‘Fifty Shades’ vs. Library Battle Continues

Last month, I told you about a library in Florida that decided not to offer the Fifty Shades of Grey trilogy. And it’s certainly not the only one. But now according to The New York Times, more and more libraries are changing their policies to start offering the series.

For example, the collections manager for a library in Greensboro, NC has begun offering them because of the demand from readers, despite his opinions on the books. Julie Bosman explains.

But despite misgivings about the subject matter — the books tell the tale of a dominant-submissive affair between a manipulative millionaire and a naïve younger woman — library officials feel that they need to make it available.

“This is the ‘Lady Chatterley’s Lover’ of 2012,” Mr. Cole said. “Demand is a big issue with us, because we want to be able to provide popular best-selling material to our patrons.”

There are still those libraries who are keeping the books out.

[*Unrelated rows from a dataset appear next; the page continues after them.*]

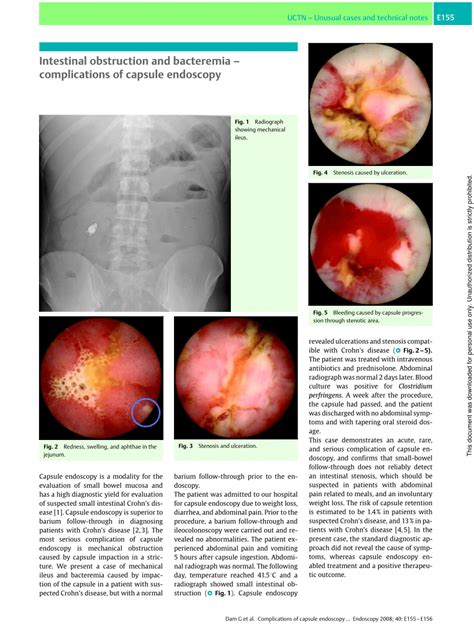 With quick care, treatment usually works well. (PDF) Intestinal obstruction and bacteremia ...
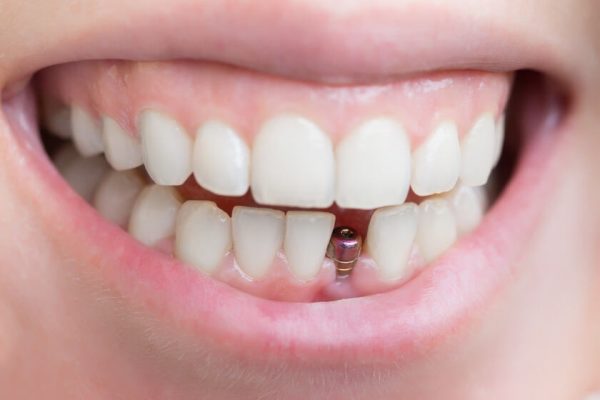 Răng Implant có thể sử dụng vĩnh viễn
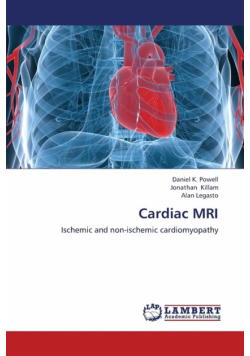 Cardiac MRI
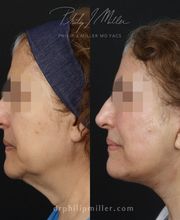 Gotham Plastic Surgery image 12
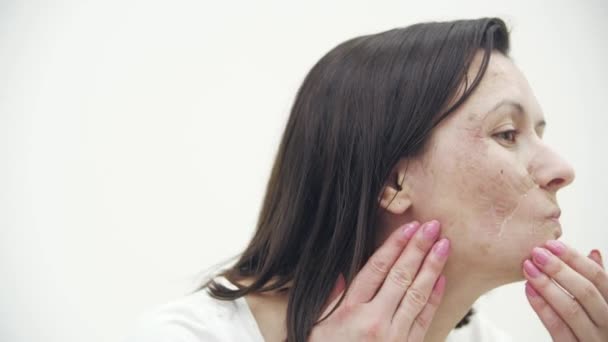 4k vídeo de la mujer con acné problema apretando espinilla en el interior. — Vídeos de Stock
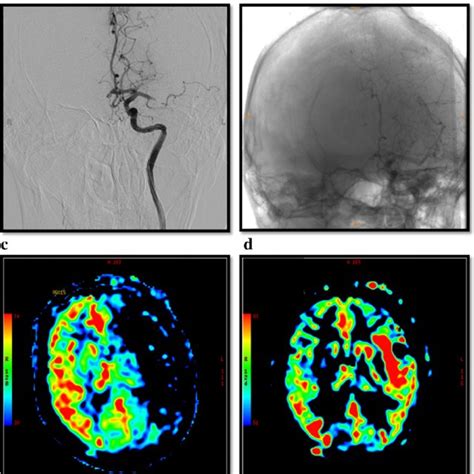 Changes Of Cerebral Blood Flow Pre A C And Post B D Mechanical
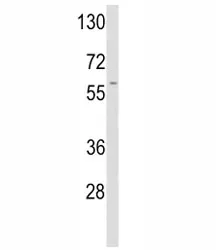 tPA Antibody / Tissue Plasminogen Activator - image 1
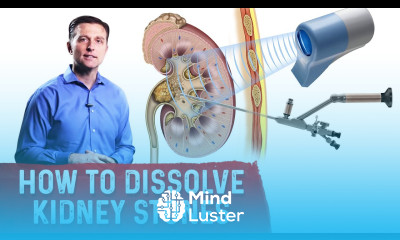 How To Dissolve Kidney Stones Explained By Dr Berg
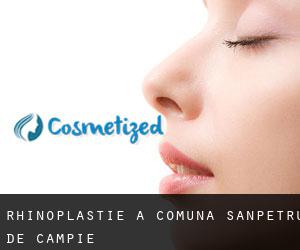 Rhinoplastie à Comuna Sânpetru de Câmpie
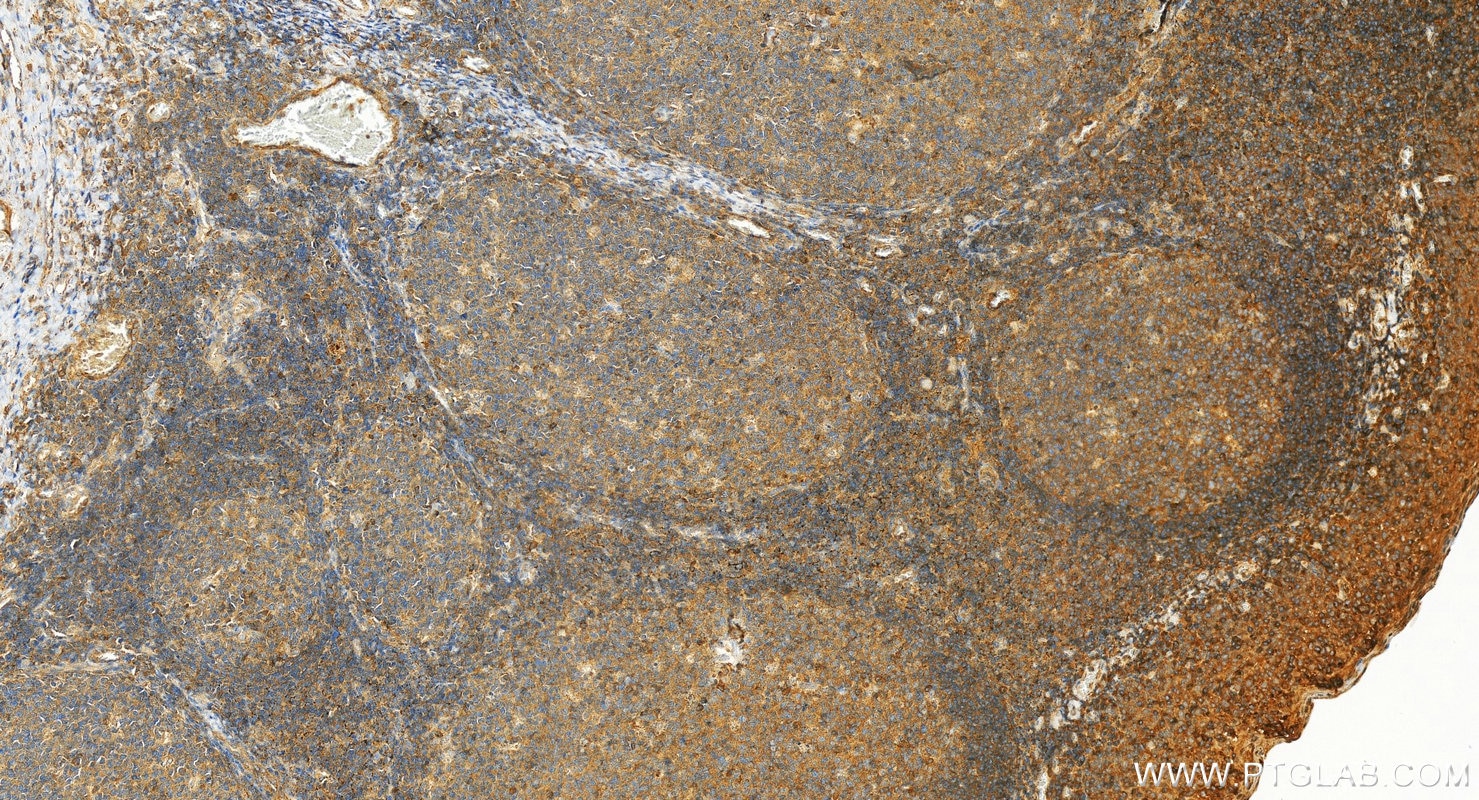 Immunohistochemistry (IHC) staining of human tonsillitis tissue using CD62L Polyclonal antibody (26477-1-AP)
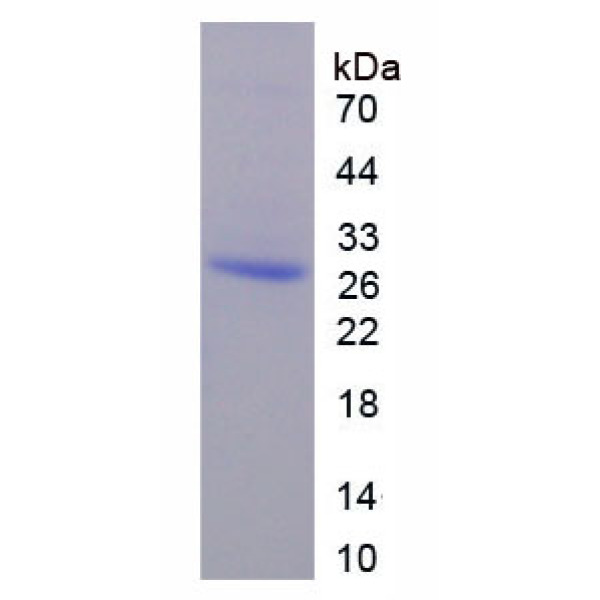 干燥综合征抗原B(SSB)重组蛋白(多属种)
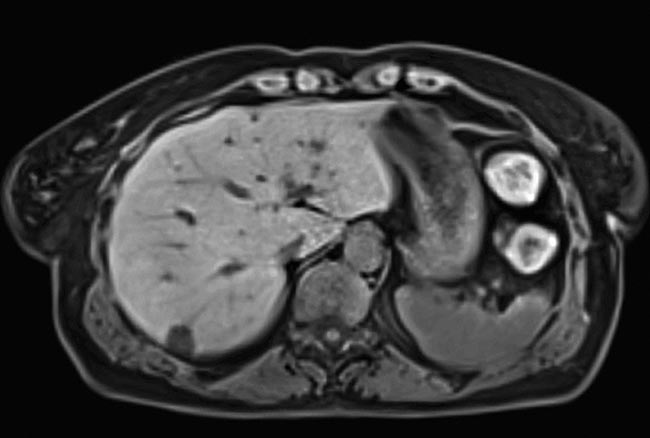 An image of the liver of a free-breathing patient, taken with compressed sensing. Data acquisition accelerated as much as 40-fold. Courtesy of Siemens Healthineers. 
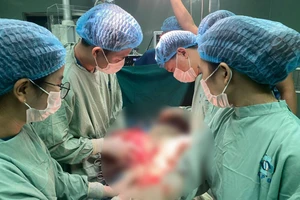 Quảng Ngãi: Phẫu thuật thành công khối u xơ nặng 5kg ở phụ nữ 47 tuổi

And that’s causing a First Amendment uproar across the country.

Joan Bertin, the executive director of the National Coalition Against Censorship, said in an interview that it was unusual for a library to remove a book from its section for adults.

“The vast majority of cases that we deal with have to do with removing books to keep kids from seeing them,” she said. “That’s what makes this so egregious. There are some possible arguments for trying to keep kids away from certain kinds of content, but in the case of adults, other than the restrictions on obscenity and child pornography, there’s simply no excuse. This is really very much against the norms in the profession.”

So which side are you on? Make it available or not?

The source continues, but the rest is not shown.